*** Block opens ***

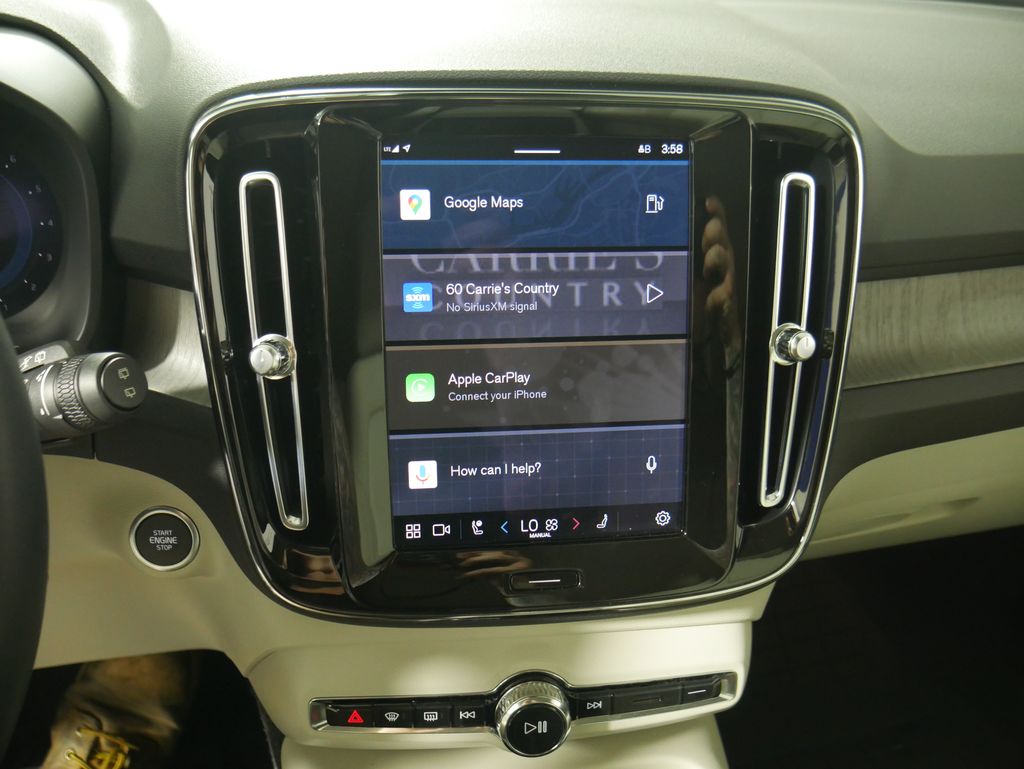 2023 Volvo XC40 Plus photo 21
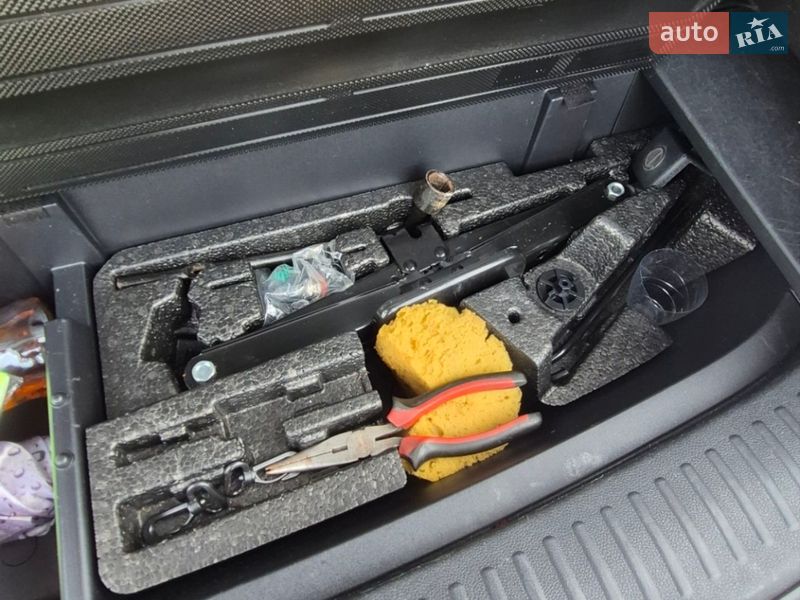 Внедорожник / Кроссовер Kia Sorento 2016 в Харькове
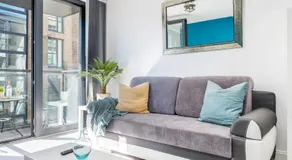Pluxa Vivid Veranda Beautiful City Centre Apartment with free parking - Image 3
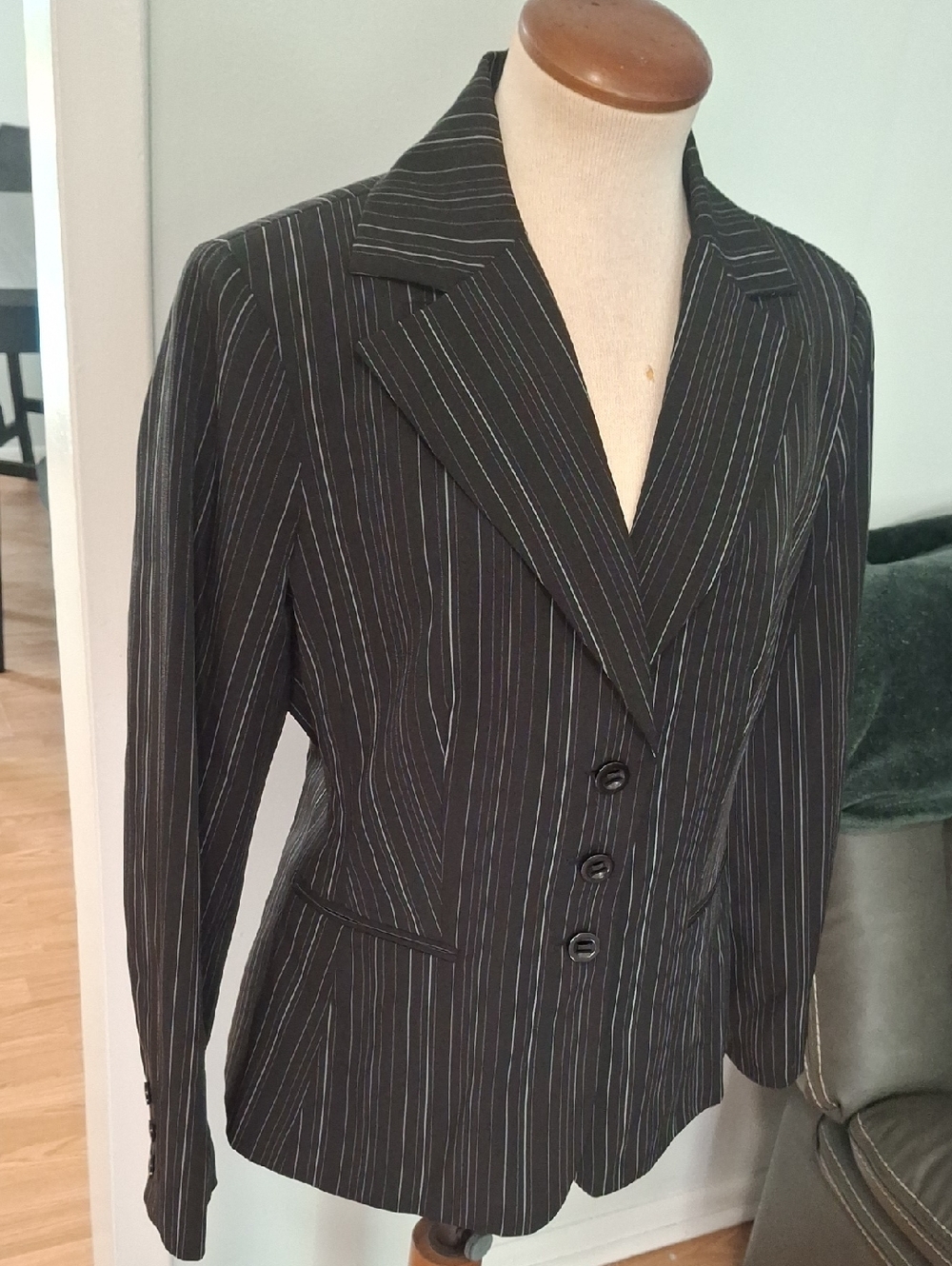 Larry Levine/ Black Pinstripe Fitted Blazer- W Sz 12 Petite - Picture 3 of 9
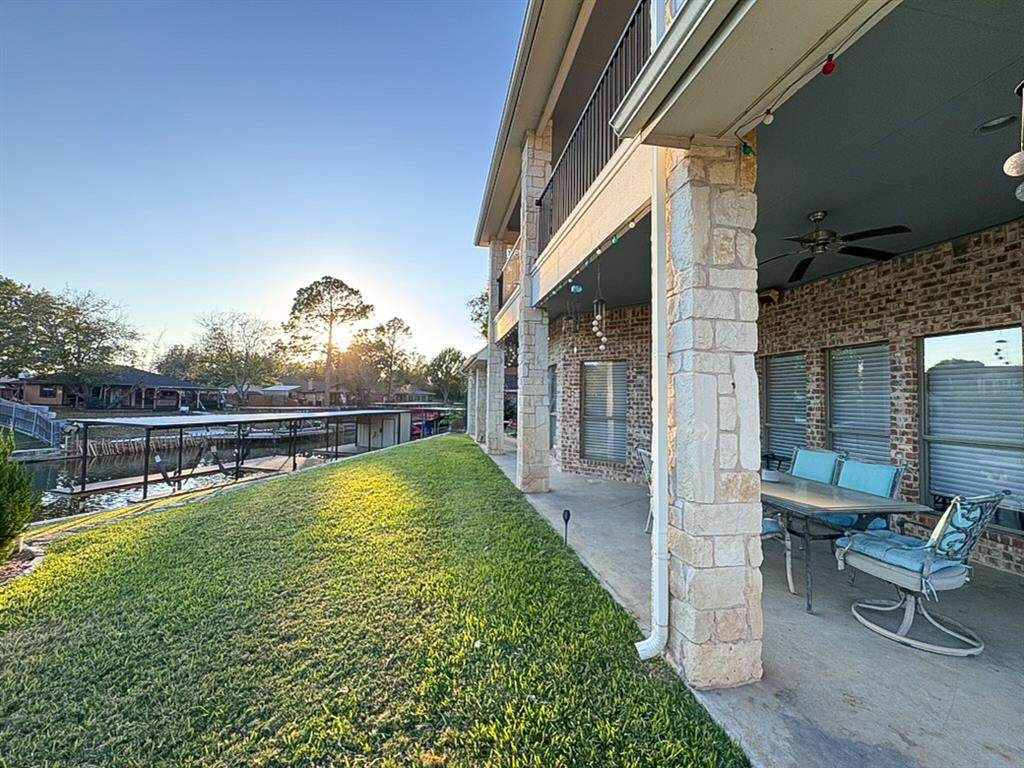 4008 Huron Court - Photo 1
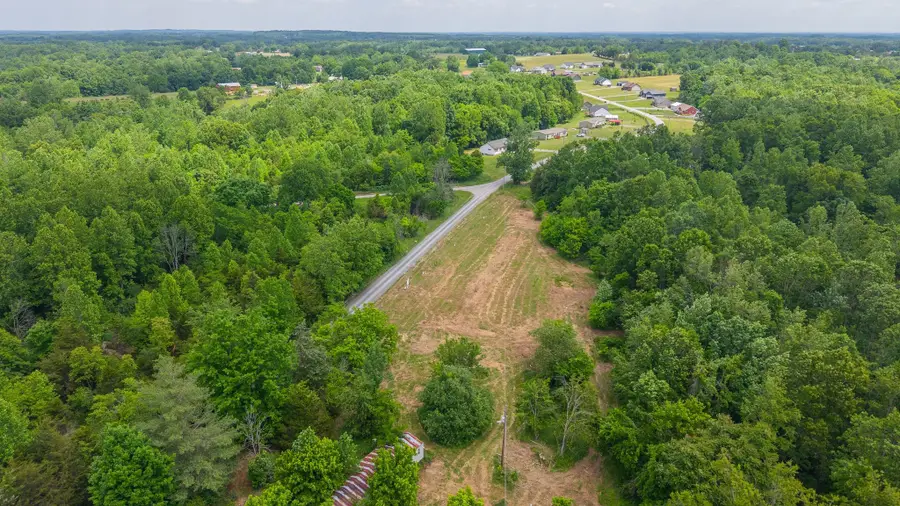 8489 Hoskins Hollow Rd, Westmoreland, TN 37186 - #3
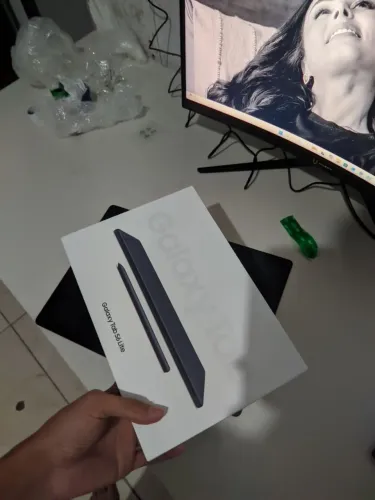 Tablet Galaxy Tab S6 Lite - Com S pen - apenas 8 dias de uso!!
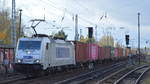 METRANS Rail s.r.o., Praha [CZ] mit  386 006-1  [NVR-Nummer: 91 54 7386 006-1 CZ-MT] und Containerzug Richtung Frankfurt/Oder am 29.10.20 Berlin Hirschgarten.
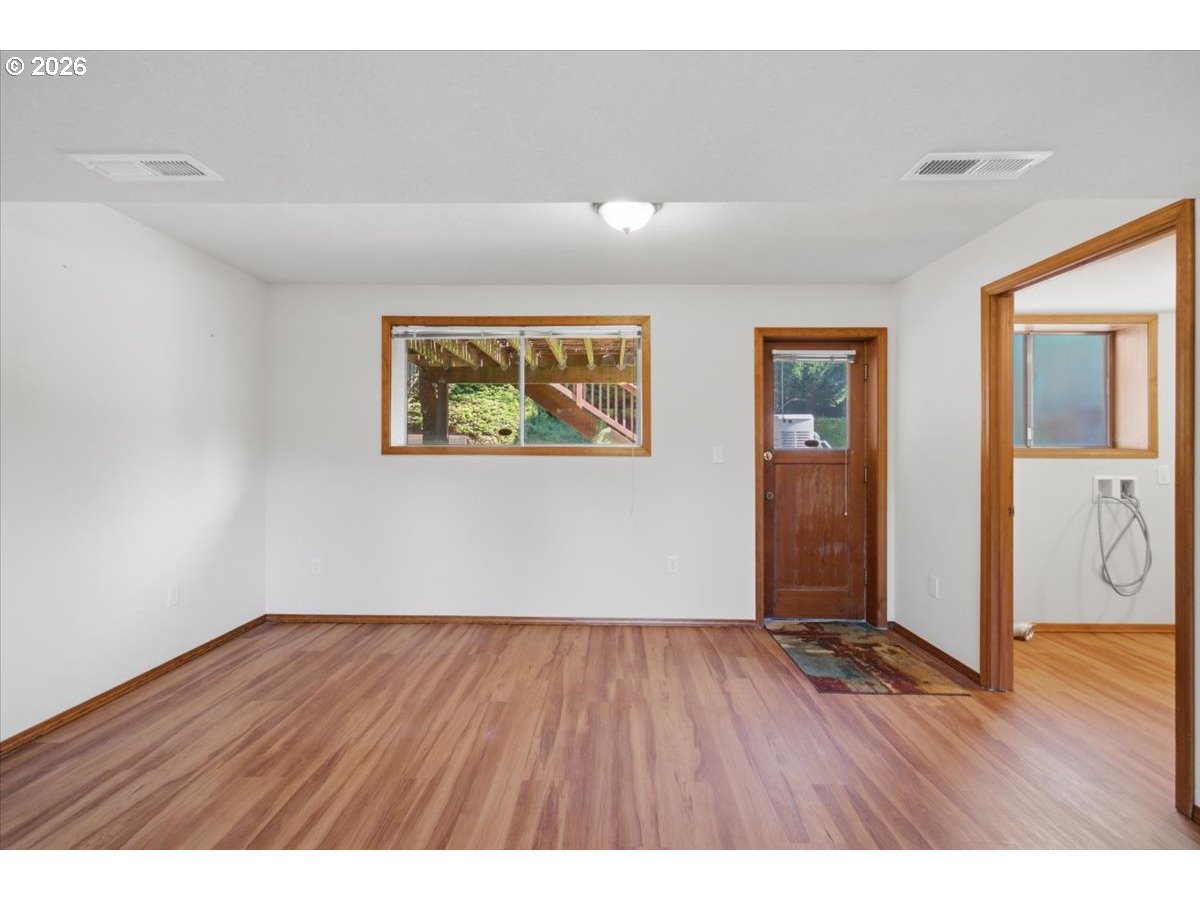 895 Northwest 3rd Street Gresham, OR 97030 - Photo 26 of 41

*** Block closes ***

● Work instructions
A verbatim copy of the data, free of pictures, is the expected answer.

● Written response
 2023 Volvo XC40 Plus photo 21
 Внедорожник / Кроссовер Kia Sorento 2016 в Харькове
Pluxa Vivid Veranda Beautiful City Centre Apartment with free parking - Image 3
 Larry Levine/ Black Pinstripe Fitted Blazer- W Sz 12 Petite - Picture 3 of 9
 4008 Huron Court - Photo 1
 8489 Hoskins Hollow Rd, Westmoreland, TN 37186 - #3
 Tablet Galaxy Tab S6 Lite - Com S pen - apenas 8 dias de uso!!
 METRANS Rail s.r.o., Praha [CZ] mit  386 006-1  [NVR-Nummer: 91 54 7386 006-1 CZ-MT] und Containerzug Richtung Frankfurt/Oder am 29.10.20 Berlin Hirschgarten.
 895 Northwest 3rd Street Gresham, OR 97030 - Photo 26 of 41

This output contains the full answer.